The Housatonic sank in shallow waters and many of the crew climbed up its rigging to wait for help. The first ship on the scene was the USS Canandaigua. During the subsequent Union inquiry into the Housatonic’s loss, one of its survivors, Robert Fleming, offered the following testimony:
“…while I was in the fore-rigging, I saw a blue light on the water just ahead of the Canandaigua and on the starboard quarter of the Housatonic.”
Blue lights were the Hunley’s signal to shore that her mission was successful. Fleming’s testimony suggests the Hunley did indeed survive the mission.
However, if the Canandaigua was moving quickly to get to the scene, she could have clipped the Hunley in passing. The impact created may have been undetectable by the Canandaigua’s crew, but deadly to the Hunley. The damage could have caused the Hunley to take on water or else to lose balance and tumble to her demise.
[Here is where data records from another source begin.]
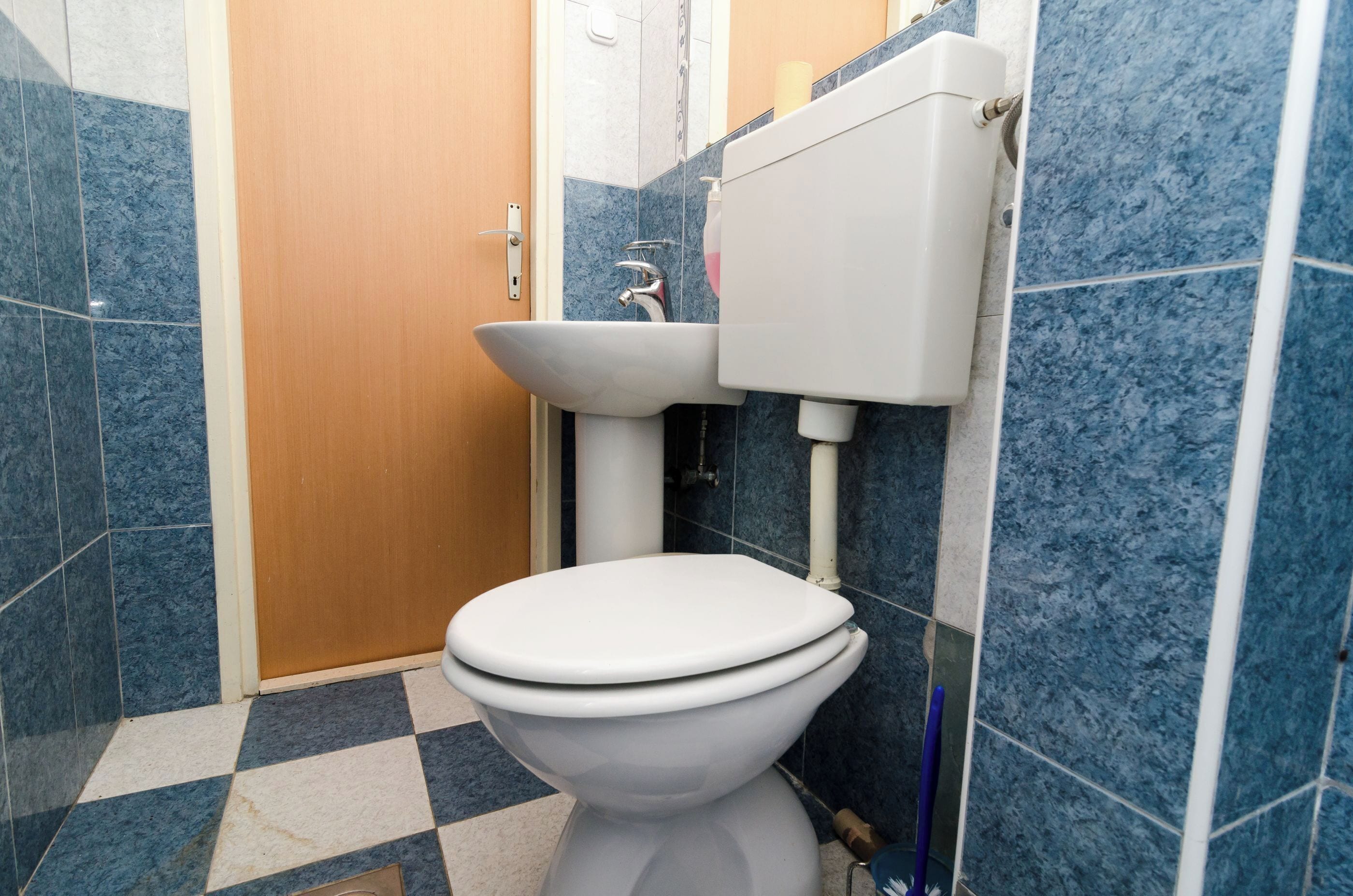 Et badeværelse med et hvidt toilet, en vask og en vandbeholder. Væggene er flisebelagt i blå og hvid, og der er en trædør.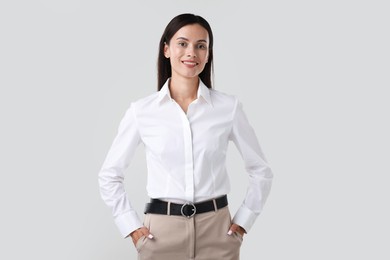 Photo of Portrait of confident businesswoman on white background
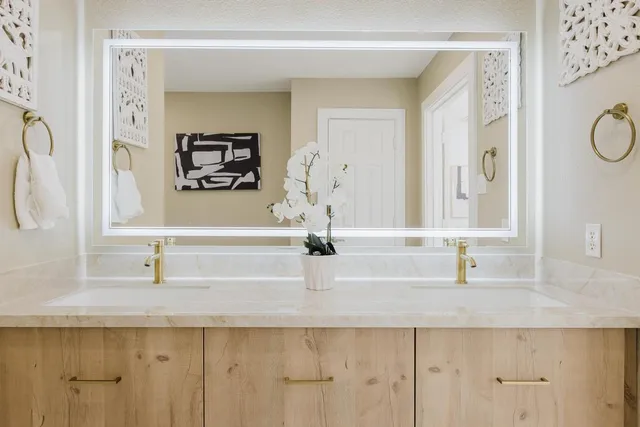 a bathroom with a sink and a mirror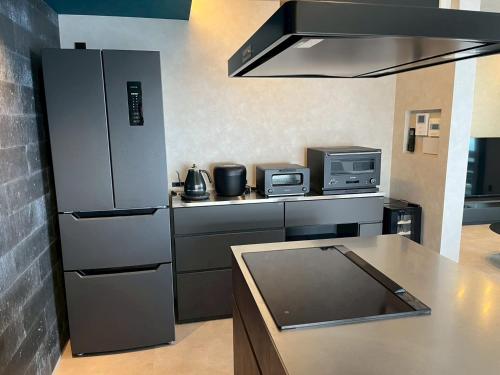 Dapur atau dapur kecil di AWAJI OCEAN BASE east coast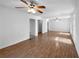 Spacious living room featuring wood floors, white walls, ceiling fan, and good natural light at 8005 Bamby Ln, Jonesboro, GA 30236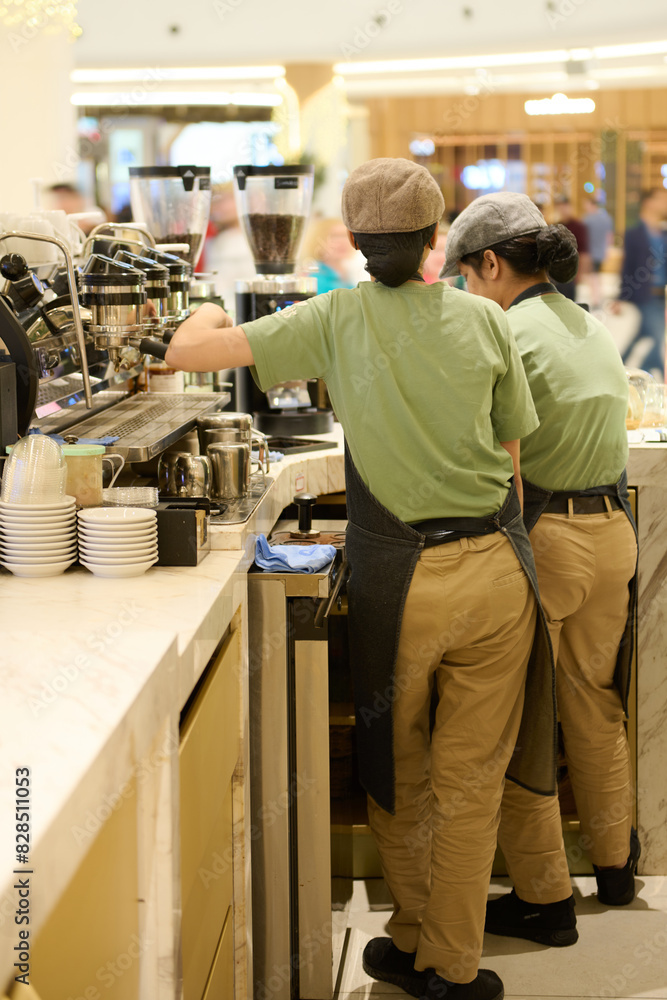 three people are preparing food on the counter in a restaurant three people are preparing food on the counter in a restaurant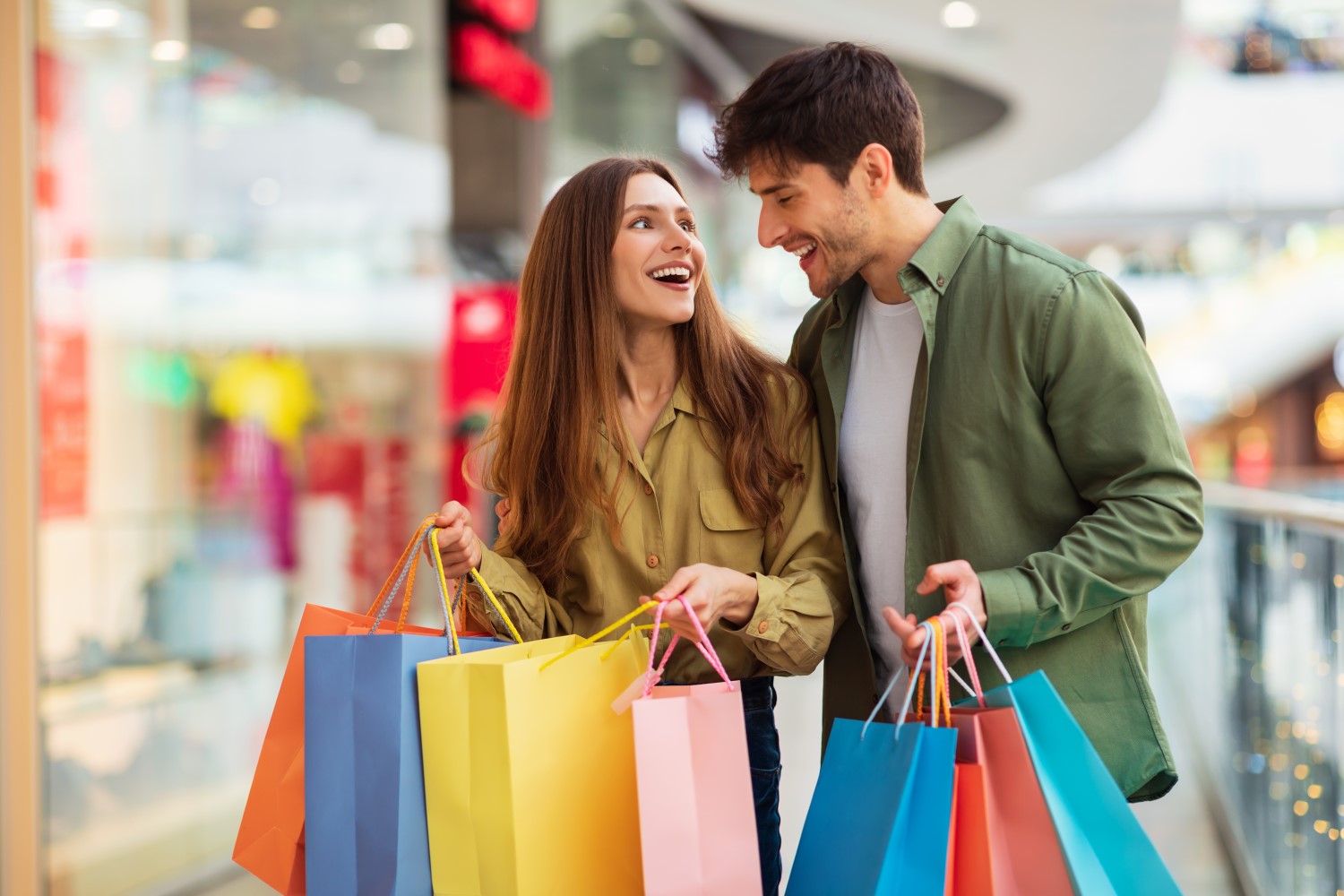 joyful-couple-on-shopping-laughing-holding-shopper-2022-12-16-07-50-18-utc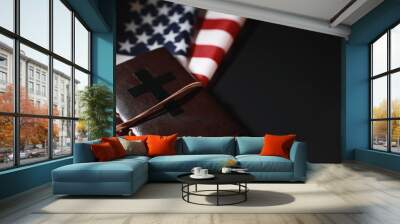 American flag and holy bible book on a mirror background. Symbol of the United States and religion. Bible and striped flag on a black background. Wall mural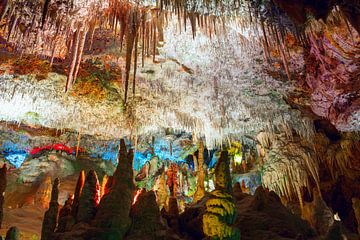 Colorful stalactites and stalagmites in the underground cave by Yevgen Belich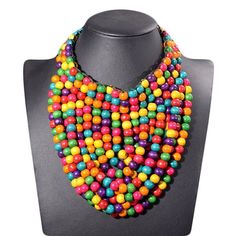 Add a pop of color to your wardrobe with this unique and eye-catching wooden beaded necklace! Handmade with love, this piece features a variety of vibrant wooden beads in a range of colors and sizes, with diameters ranging from 3-5mm. The necklace measures 48cm in perimeter and weighs approximately 100g, making it a comfortable and lightweight addition to any outfit. The boho & hippie style of this piece is perfect for adding a touch of earthy, natural charm to your look, while the tribal-inspir Boho Hippie Style, Hippie Stil, Beaded Necklace Patterns, Bohemian Colors, Bold Accessories, Necklace Patterns, Bohemian Necklace, Festival Looks, Necklace Boho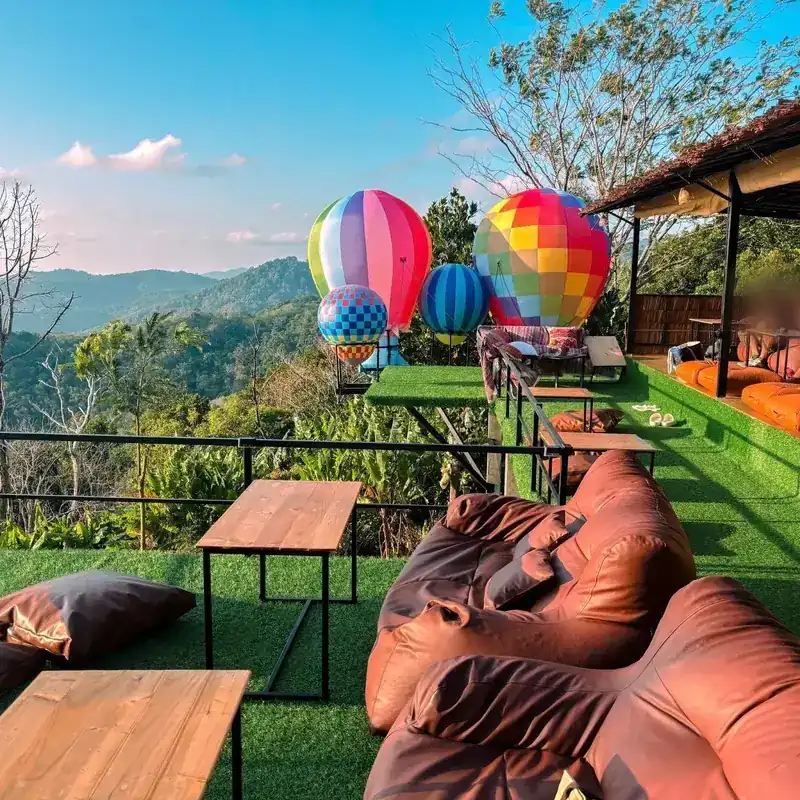 Leather bean bags and tables on the grass terrace, balloons and green hills behind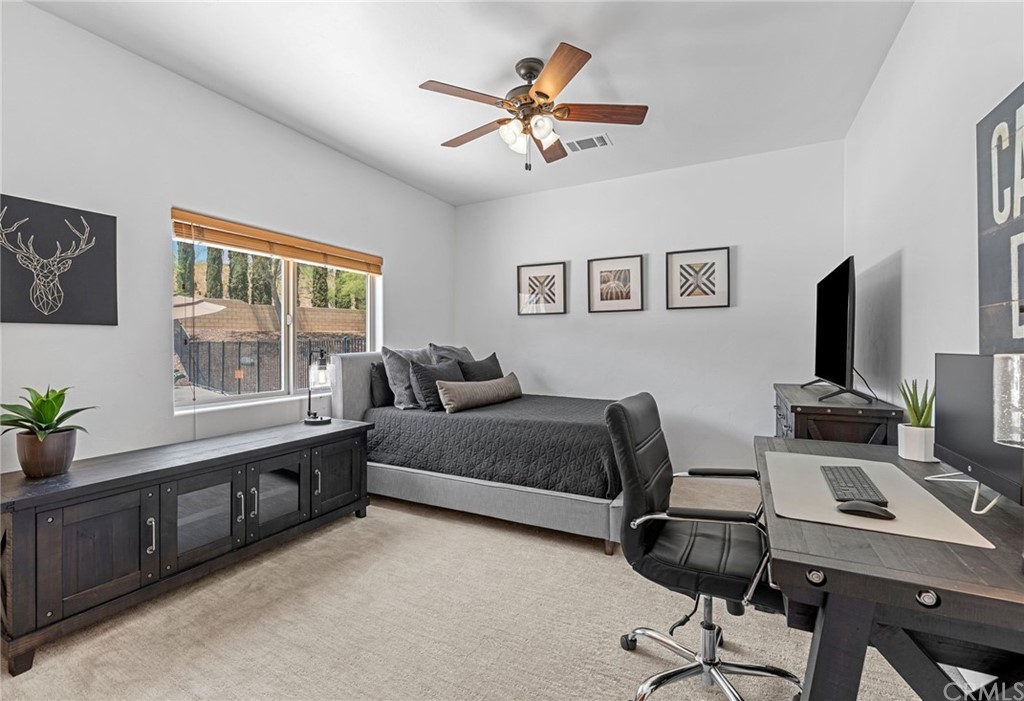 30620 Jedediah Smith Road Temecula, CA 92592 - Photo 25 of 36 a living room with furniture and a window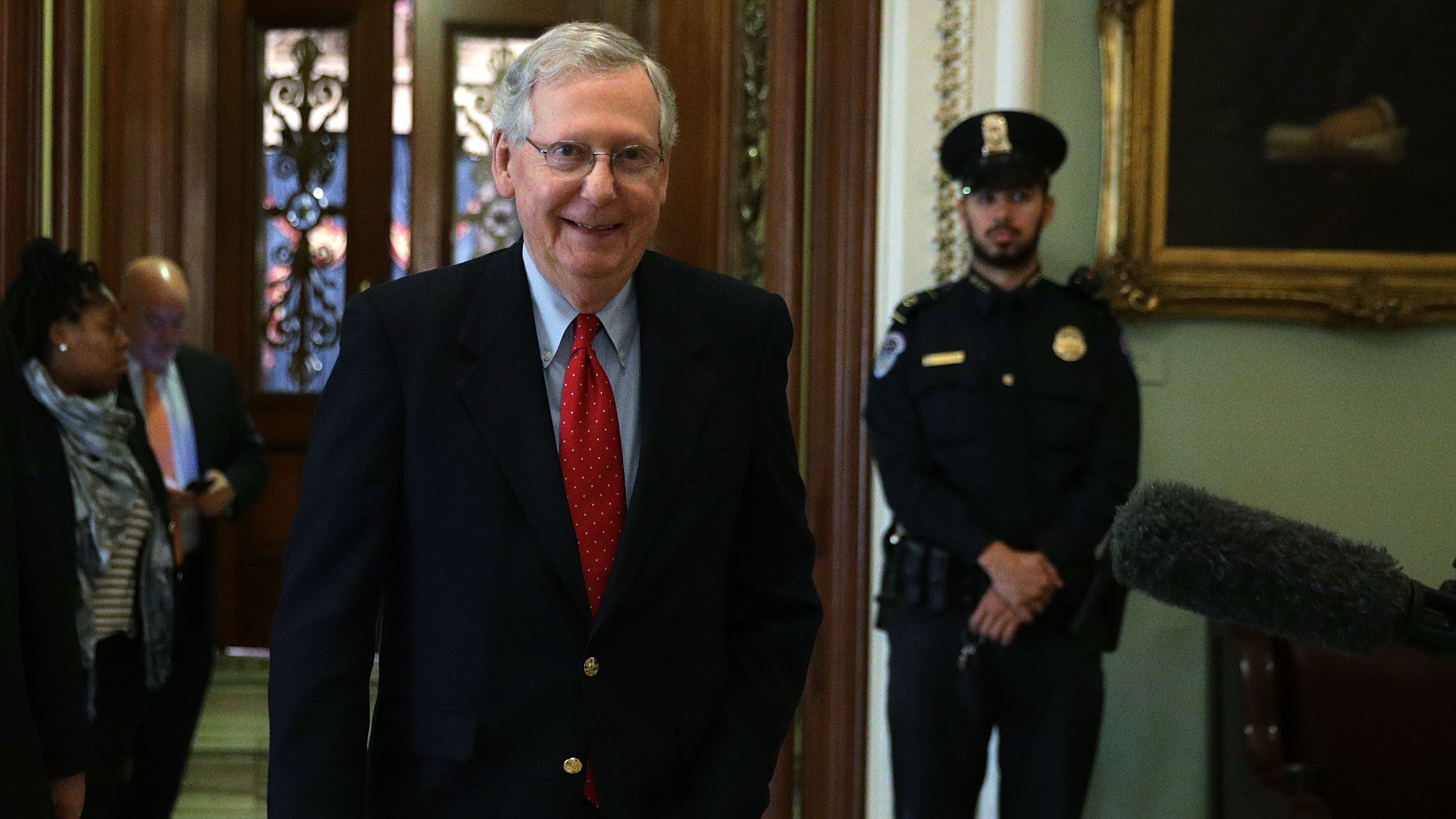 Senate Majority Leader Mitch McConnell said Friday that Republicans had the votes to pass a sweeping overhaul of the country's tax code. The measure passed early Saturday morning. (Getty Images)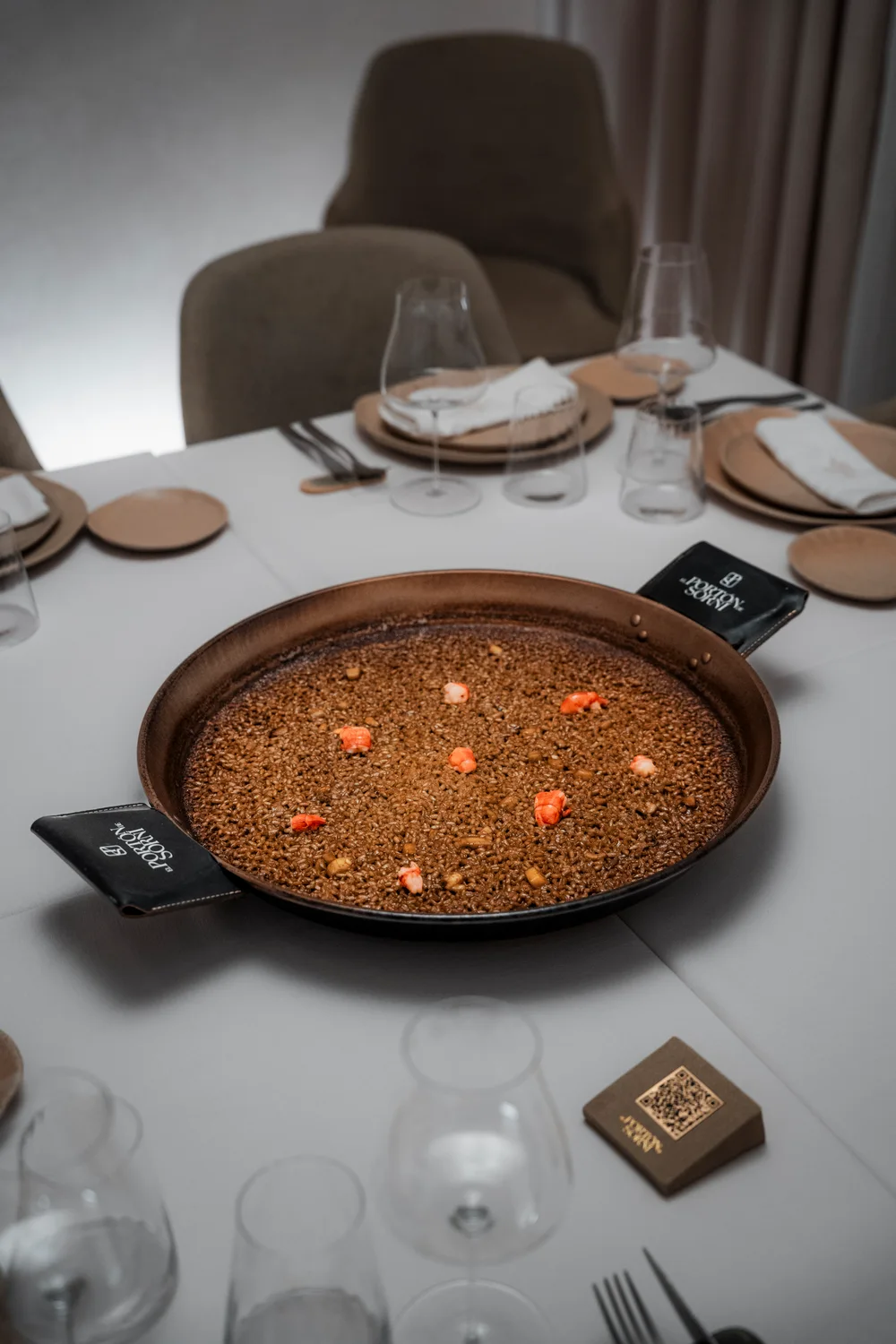 Paella de arroz seco servida sobre una mesa de El Portón de Sorní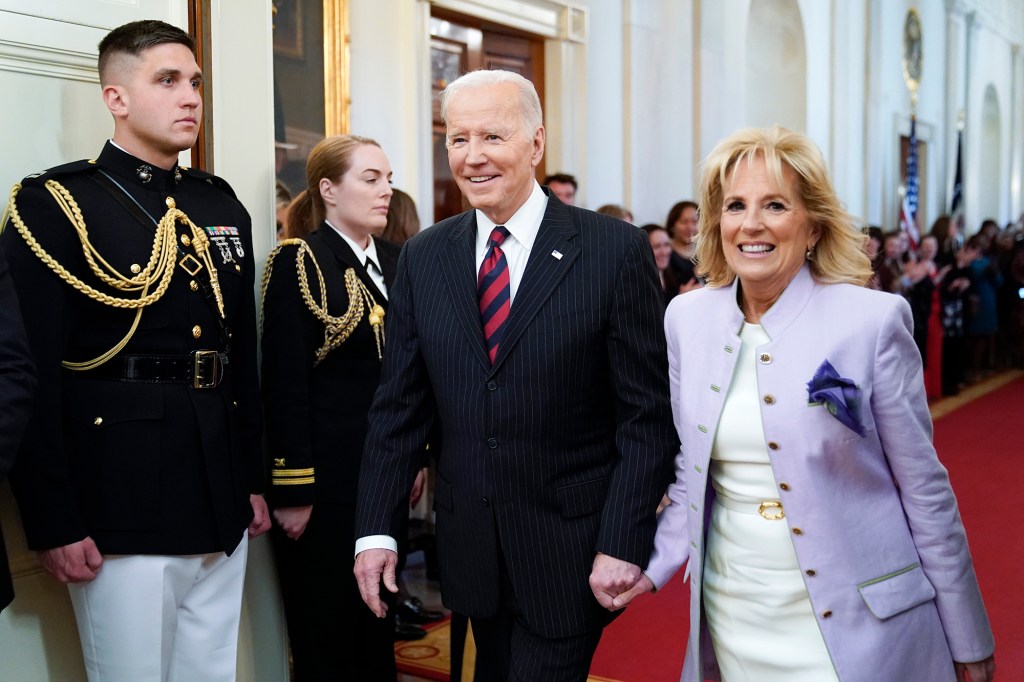 President Joe Biden and first lady Jill Biden arrive for an event to celebrate Equal Pay Day and Women's History Month at the White House, Tuesday, March 15, 2022.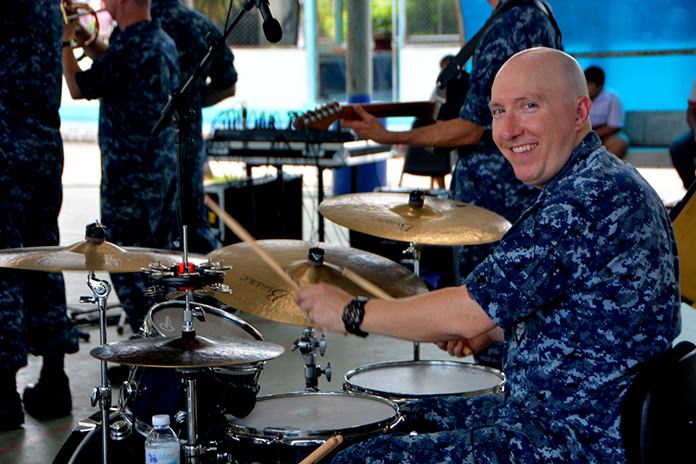 Navy Musician 1st Class Stephen Hux, of the U.S. 7th Fleet Band, Orient Express, jams out during a performance at Pattaya City School No. 8 l as part of Cooperation Afloat Readiness and Training Thailand 2017 in Pattaya, June 2. 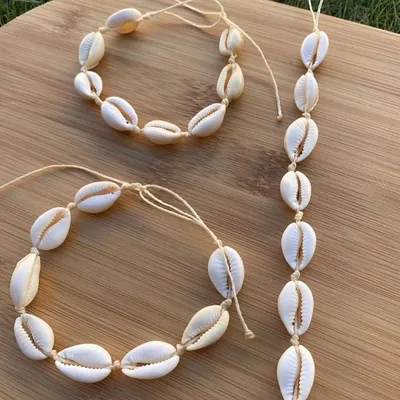 Choker e pulseiras de búzios brancos amarrados com cordão bege, sobre tábua de madeira com grama ao fundo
After seeing the surprise explosion, all the Union ships blockading Charleston Harbor hurriedly moved in to rescue survivors. The massive movement of ships would have created large wakes, adding tremendous volume to the already choppy waters off the coast of Charleston. The water displacement could have been hazardous for the Hunley.
If Dixon opened the forward hatch to replenish oxygen or to display the blue light signal, a large swell or wave could have swamped the vessel. With too much water onboard, the submarine could have been thrown off kilter or lost buoyancy.